Gauging The Gauge: How Does the Nielsen CTV Metric Measure Up?
After several years of attempts to measure the Connected TV universe, with mixed results, Nielsen launched a CTV metric called The Gauge in mid-June 2021 that aims to become the gold standard of measuring all of television – including streaming – in the same way the nearly century-old research firm’s eponymous TV ratings have dominated linear measurement for decades.
Here are our top takeaways from the launch of The Gauge:
The Gauge Is a Huge Step Forward, But Still Incomplete The Gauge is intended to be a monthly TV and streaming snapshot. According to The New York Times, to gather its stats on CTV consumption, Nielsen measured approximately 14,000 households “through a piece of hardware that observes internet traffic that passes through a router.”
This provides a clearer look at television viewership than has ever been available before in the steaming age. However, it’s still not a complete picture. That’s because The Gauge measures what is being viewed on TV screens but, as The Times notes, “does not count what is watched on phones or laptops.”
And as The Verge reported, it’s also unclear if The Gauge counts streams coming through “a gaming console that has its own internet connectivity and a physical connection to the TV — or, for that matter, streams from a secondary device that are cast to a TV.”
CTV Consumption Continues to Grow… In its announcement of the first Gauge snapshot, Nielsen put the emphasis on Connected Television, declaring that the data shows that “streaming is taking a seat at the table,” with streaming usage across all television homes climbing to 26% of all time spent on TV. And the number would be at least slightly higher if all CTV services were counted by Nielsen – as it is, data on HBO Max viewership, for example, is not included in The Gauge, as Netflix co-CEO Reed Hastings very publicly noted.
… But Linear TV Still Dominates Compared to CTV’s 26% slice of the Nielsen pie, broadcast and cable still rule TV time in the United States, accounting for a whopping combined 64% of usage. As CNN’s Brian Stelter put it, “Streaming might take up three-fourths of the media world's attention, but right now it's only one-fourth of viewership time. Streaming might eventually cannibalize everything, but that day is a long way away.” (A shameful lack of broadband access for 82 million Americans isn’t helping matters.)

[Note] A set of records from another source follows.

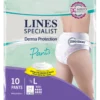Derma Protection Pant Maxi L Lines Specialist 10 Pezzi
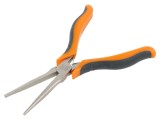 Clești Semirotunzi PG 150mm, Oțel Crom-Vanadium, Finisaj Satinat, Manere Antialunecare, Model PG-T411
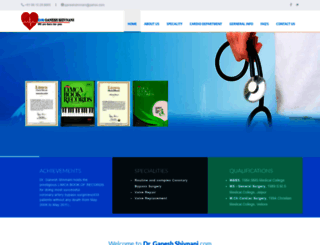 ganeshshivnani.com screenshot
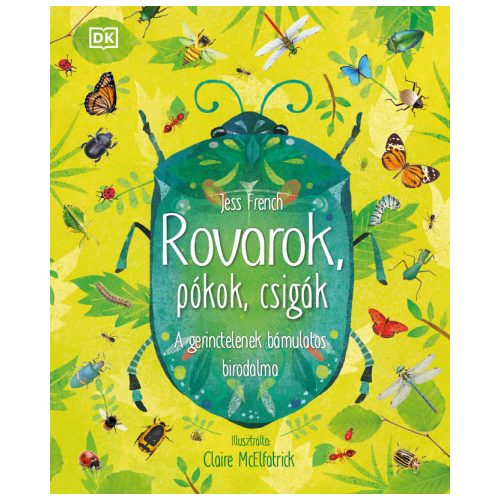 Rovarok, pókok, csigák - A gerinctelenek bámulatos birodalma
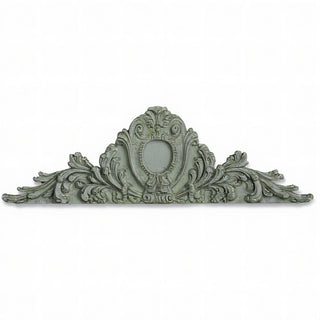 Stingwood Over-Door Architectural Panel — Mossy Green finish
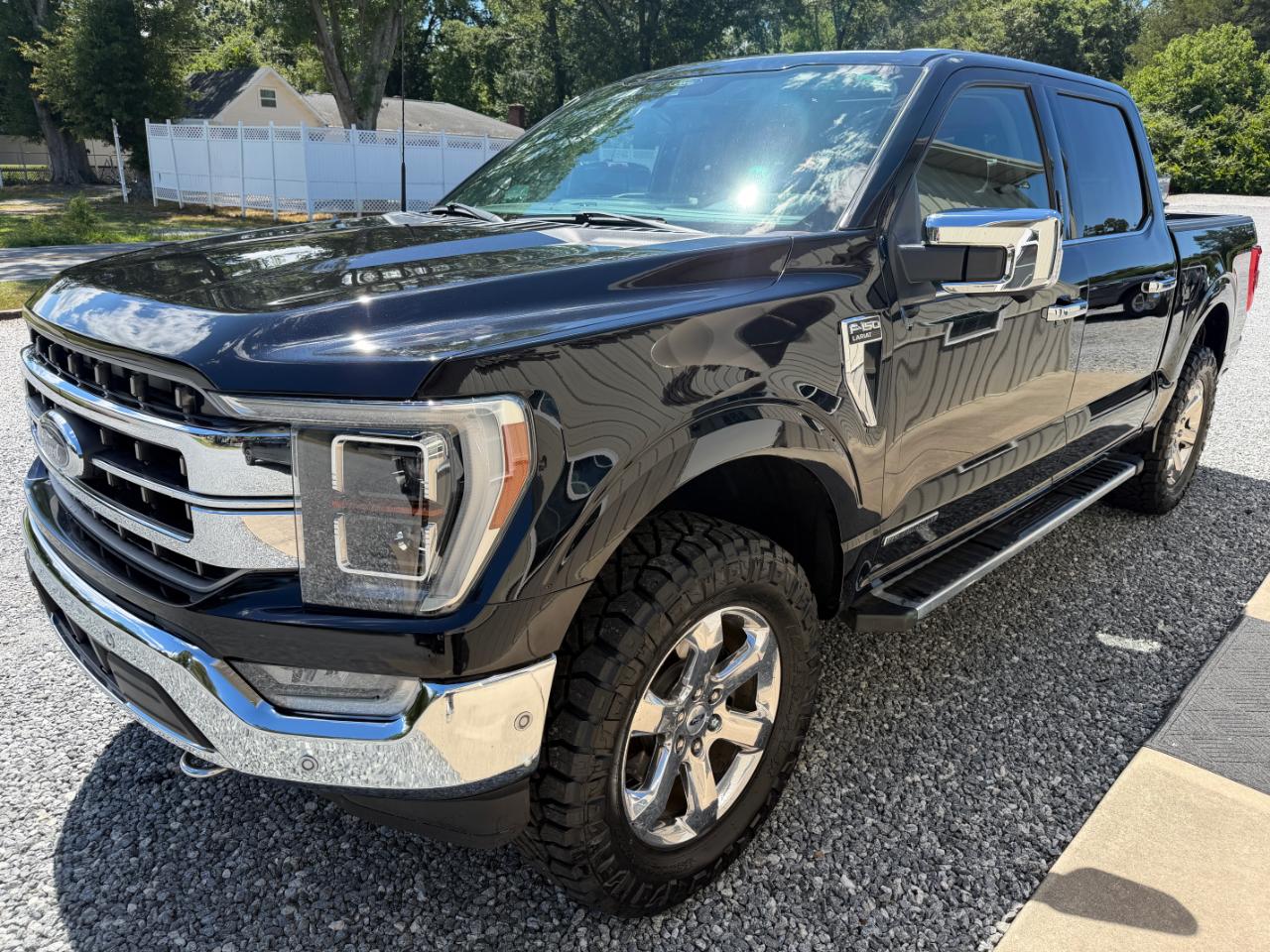 Ford F-150 Lariat SuperCrew 4WD 2022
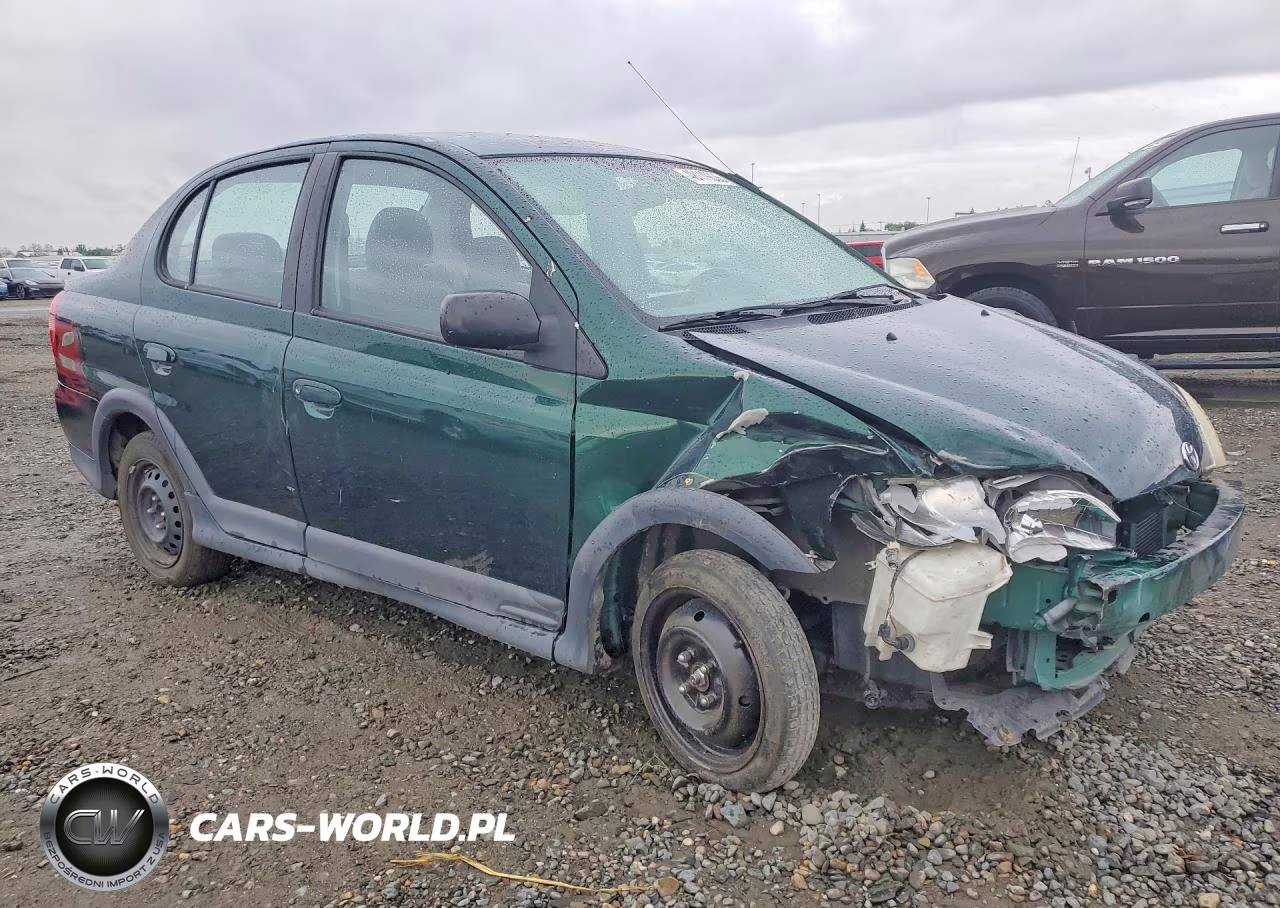 2000 Toyota Echo Base VIN:JTDBT1232Y0010036 - 4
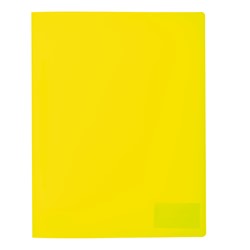 HERMA Schnellhefter, A4, PP, Neon gelb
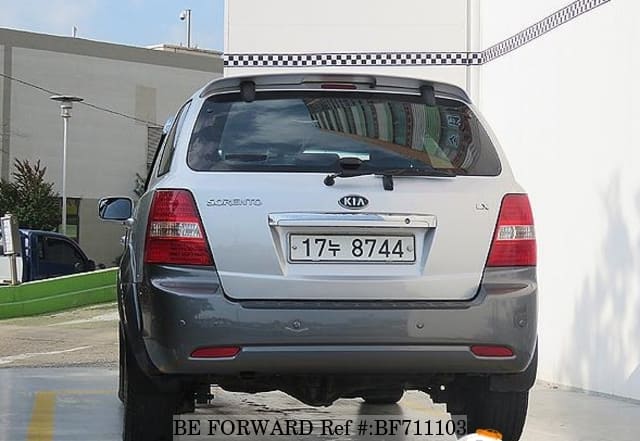 Used 2008 Kia Soo Lx For Bf711103 Be Forward Used 2008 Kia Soo Bf711103 For Image
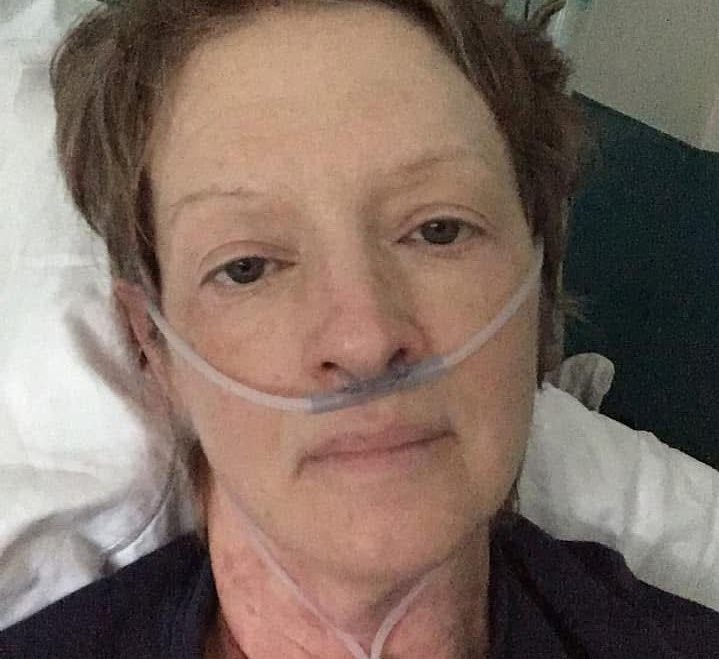 A woman thought the blood on her pillow was from scratching her ear - but the terrifying truth emerged at a routine dentist appointment weeks later.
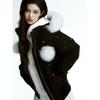 Winter Canadian scissors down jacket women's jacket Jindian jacket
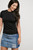 Caitlin Basic Tee in Black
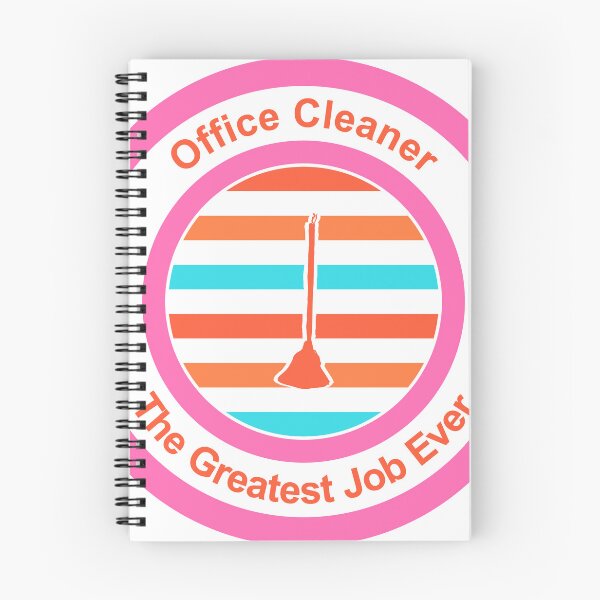 Item preview, Office Cleaner The Greatest Job Ever designed and sold by TheIconSmith.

More Importantly, Ad-Supported TV Dominates Much of the media reaction to The Gauge has attempted to parse and shoehorn the data into its binary traditional TV vs. streaming narrative. But as far as marketers should be concerned, the real story is in the opportunities to reach audiences via advertising. And that’s where, as Simulmedia founder and CEO Dave Morgan pointed out, there’s an “even bigger disparity between linear TV and CTV when you look at ad-supported viewing, since most streaming services have no or few ads.”
Or to put it another way, between broadcast, cable and AVOD (such as Hulu, but missing the aforementioned HBO Max), The Gauge shows at least 67% of TV consumption occurring on platforms with advertising. Add YouTube to the mix and it’s up to 75%. While Netflix still outpaces its SVOD competitors like Disney+ by a factor of 6 to 1, the biggest takeaway for us here is that Americans at a mass level are happy to continue to be exposed to advertising while watching TV and video.
And now we can gauge that better than ever.